▶ _Work task_
From the line with "Woman on the phone at home with her laptop" to the line with "Close up view", retype each line exactly as it stands in the records below, but skip the pictures.

▶ _Records for the task_

● ● ● ●

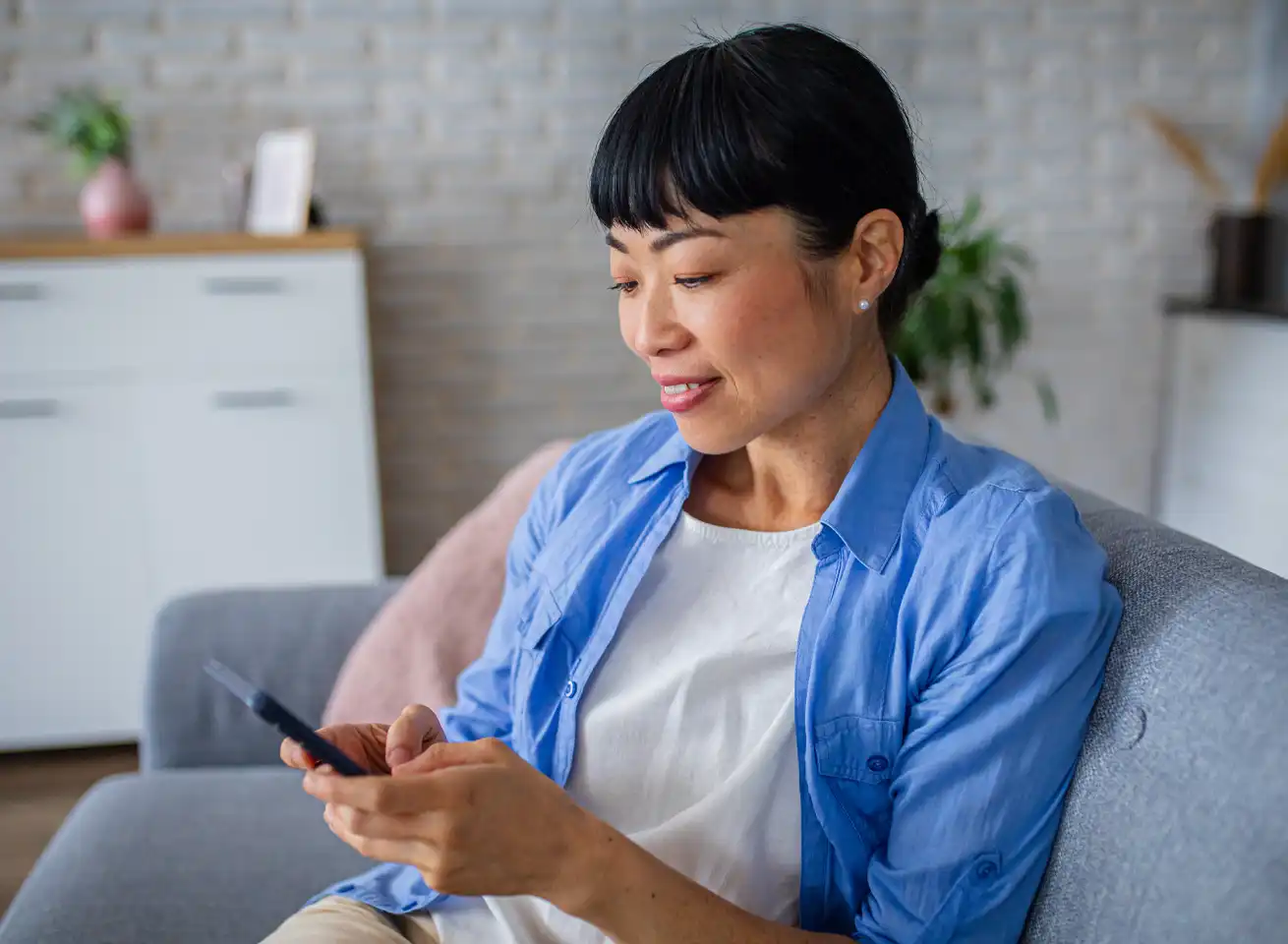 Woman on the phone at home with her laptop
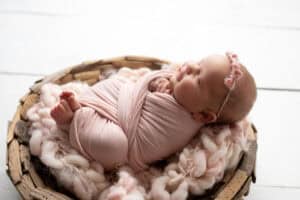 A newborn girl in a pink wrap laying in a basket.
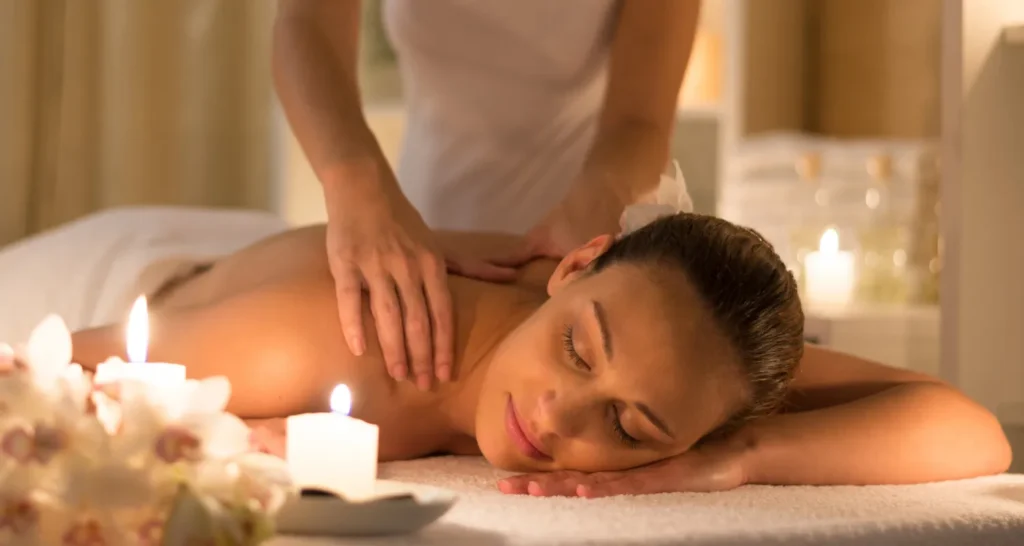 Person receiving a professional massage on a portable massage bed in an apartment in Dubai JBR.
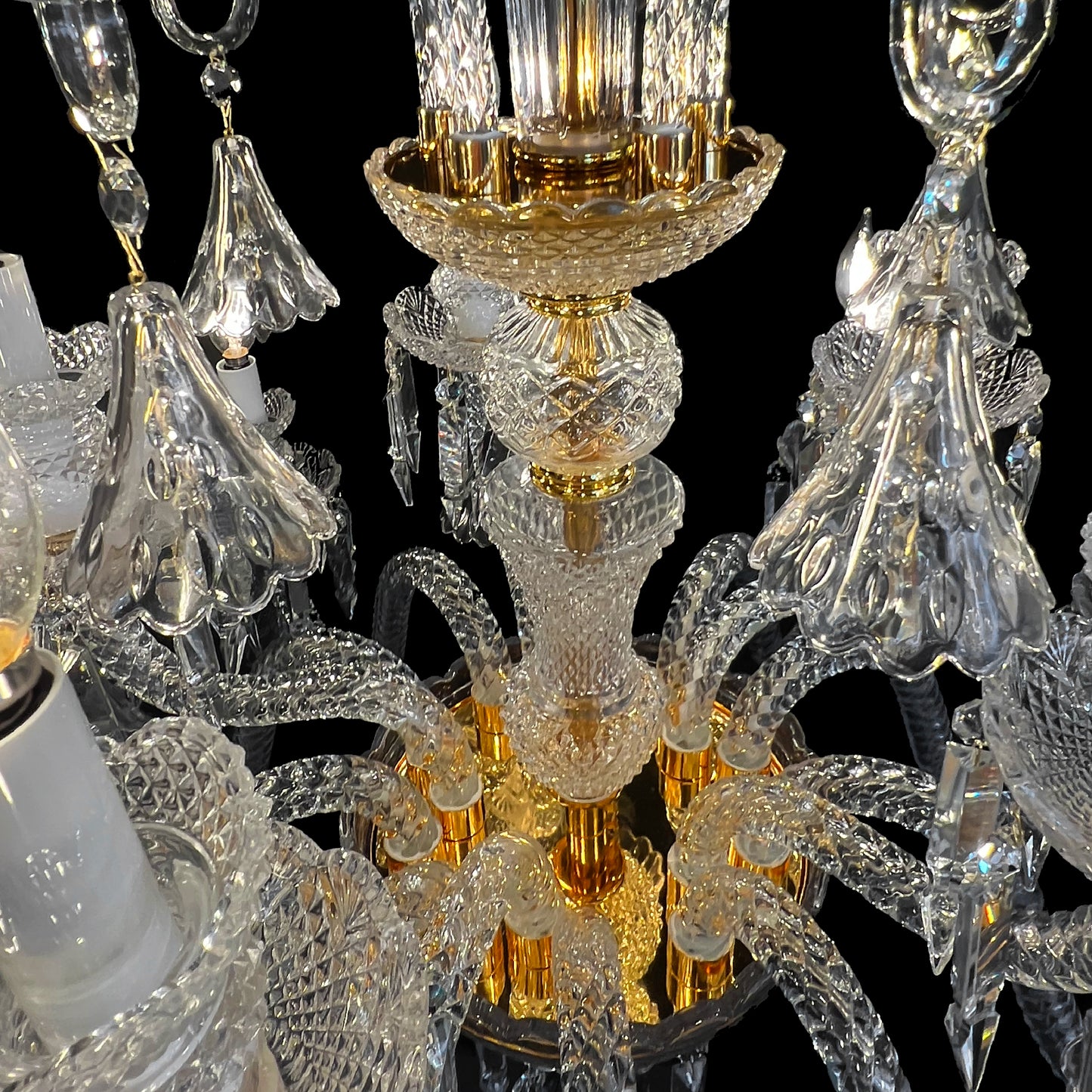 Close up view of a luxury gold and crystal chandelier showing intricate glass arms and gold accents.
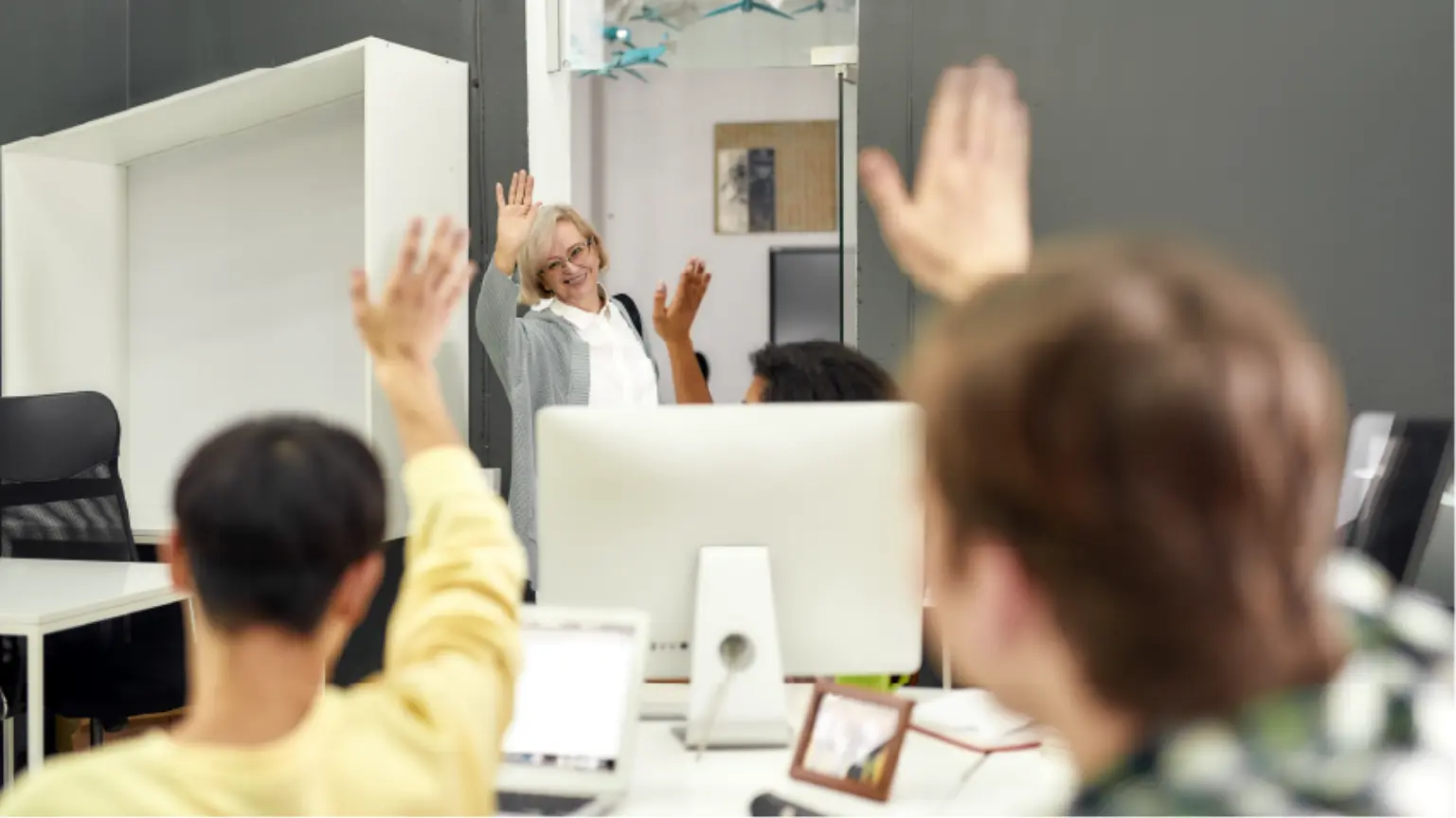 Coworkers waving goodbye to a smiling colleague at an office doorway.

● ● ● ●

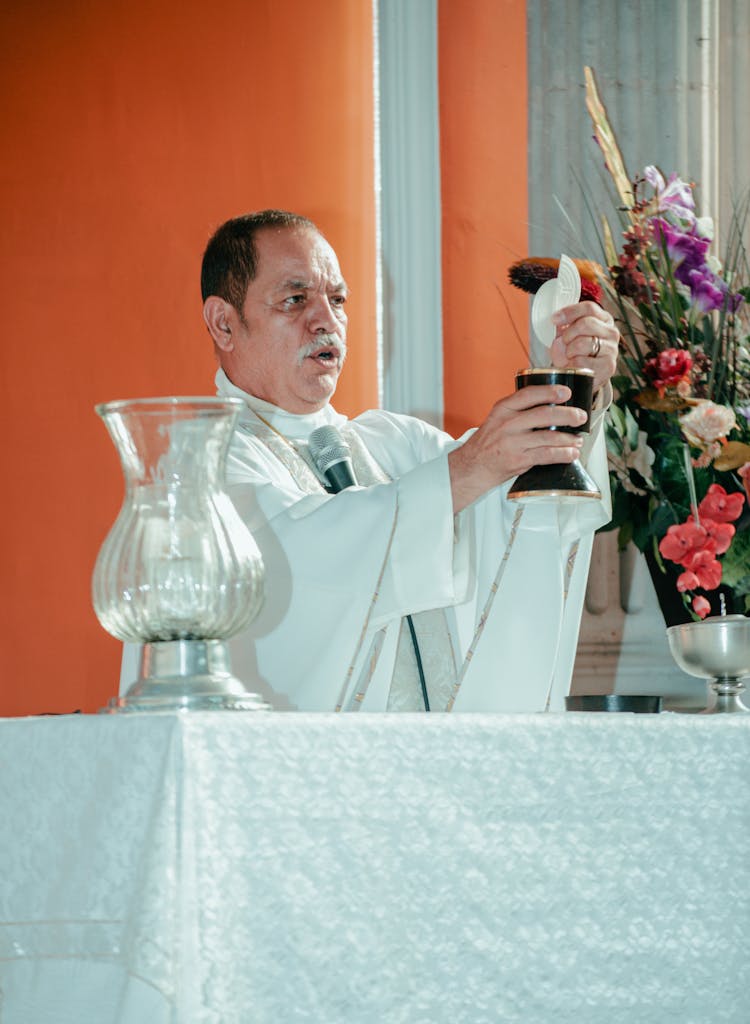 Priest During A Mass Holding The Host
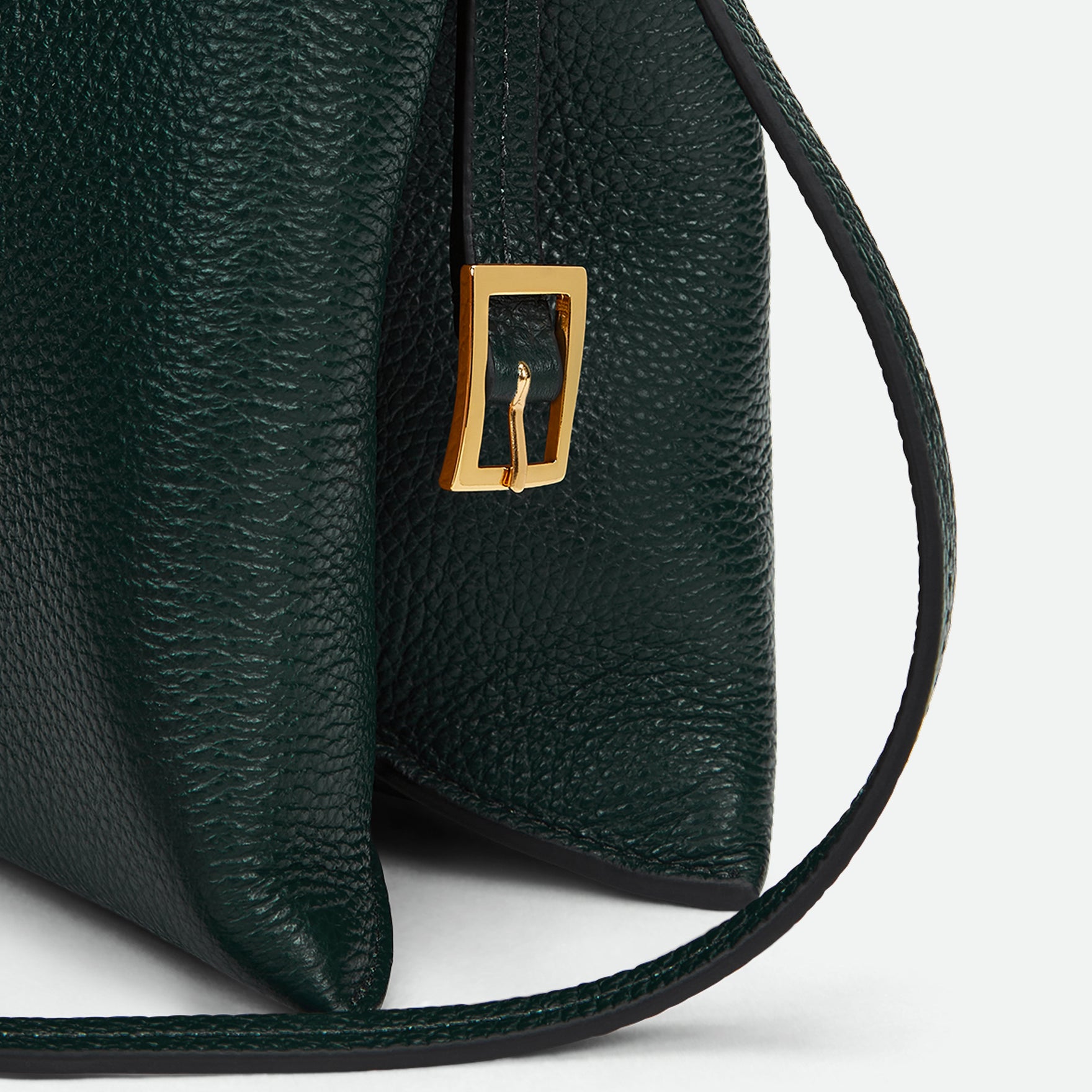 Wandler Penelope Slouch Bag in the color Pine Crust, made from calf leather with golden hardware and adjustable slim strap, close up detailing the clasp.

● ● ● ●

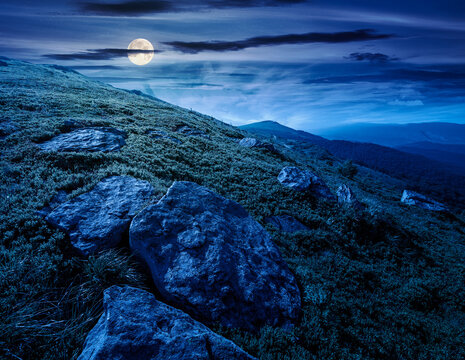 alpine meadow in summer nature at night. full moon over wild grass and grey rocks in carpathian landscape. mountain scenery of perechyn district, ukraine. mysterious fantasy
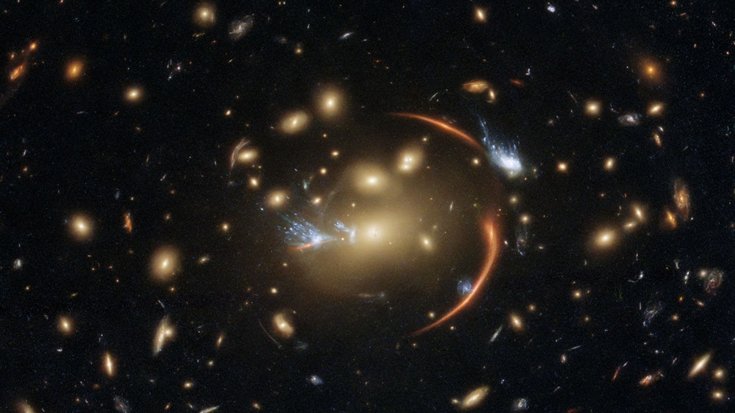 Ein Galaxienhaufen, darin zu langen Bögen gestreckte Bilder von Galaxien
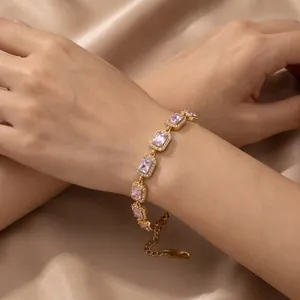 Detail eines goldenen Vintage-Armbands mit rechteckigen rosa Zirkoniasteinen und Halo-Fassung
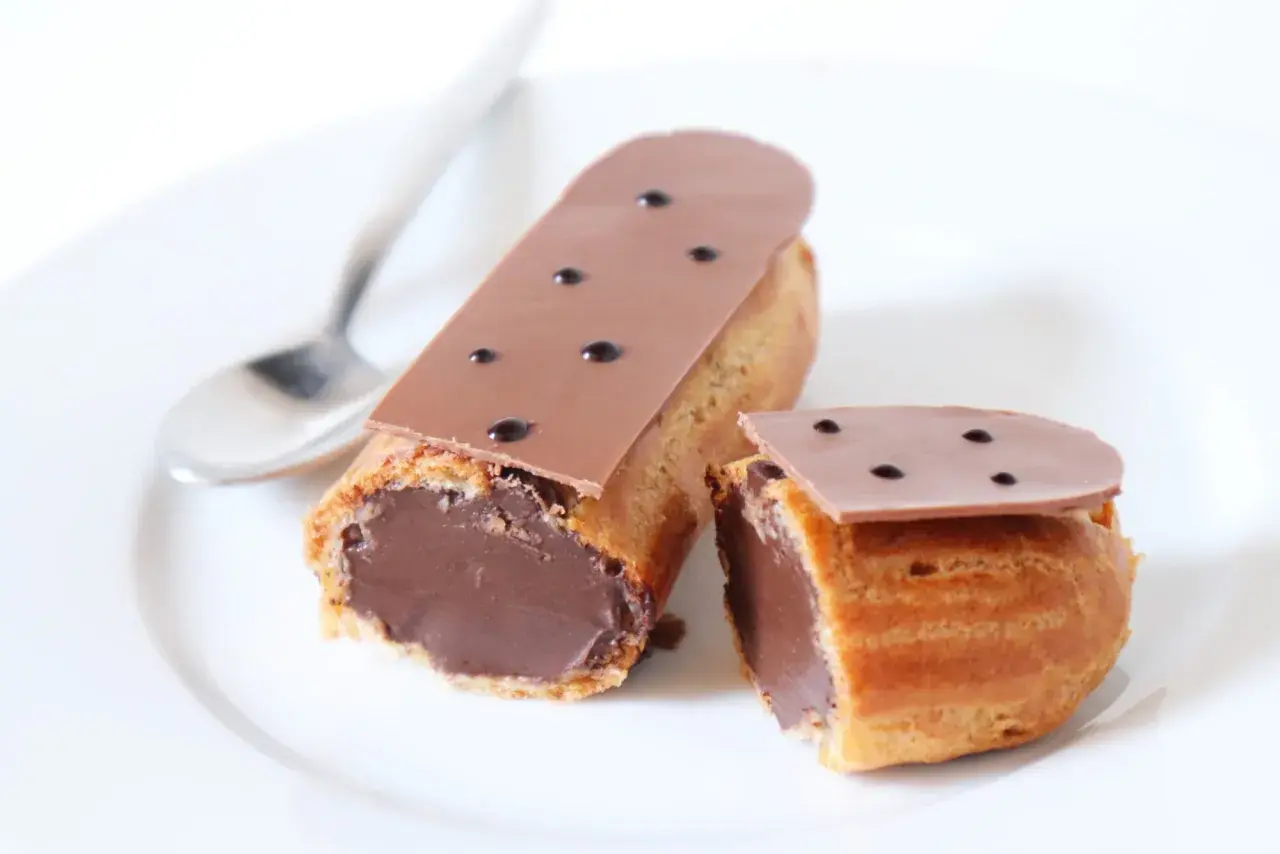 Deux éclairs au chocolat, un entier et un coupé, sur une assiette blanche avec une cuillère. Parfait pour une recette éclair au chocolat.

● ● ● ●

▶ _Answer for the task_
 Woman on the phone at home with her laptop
 A newborn girl in a pink wrap laying in a basket.
 Person receiving a professional massage on a portable massage bed in an apartment in Dubai JBR.
 Close up view of a luxury gold and crystal chandelier showing intricate glass arms and gold accents.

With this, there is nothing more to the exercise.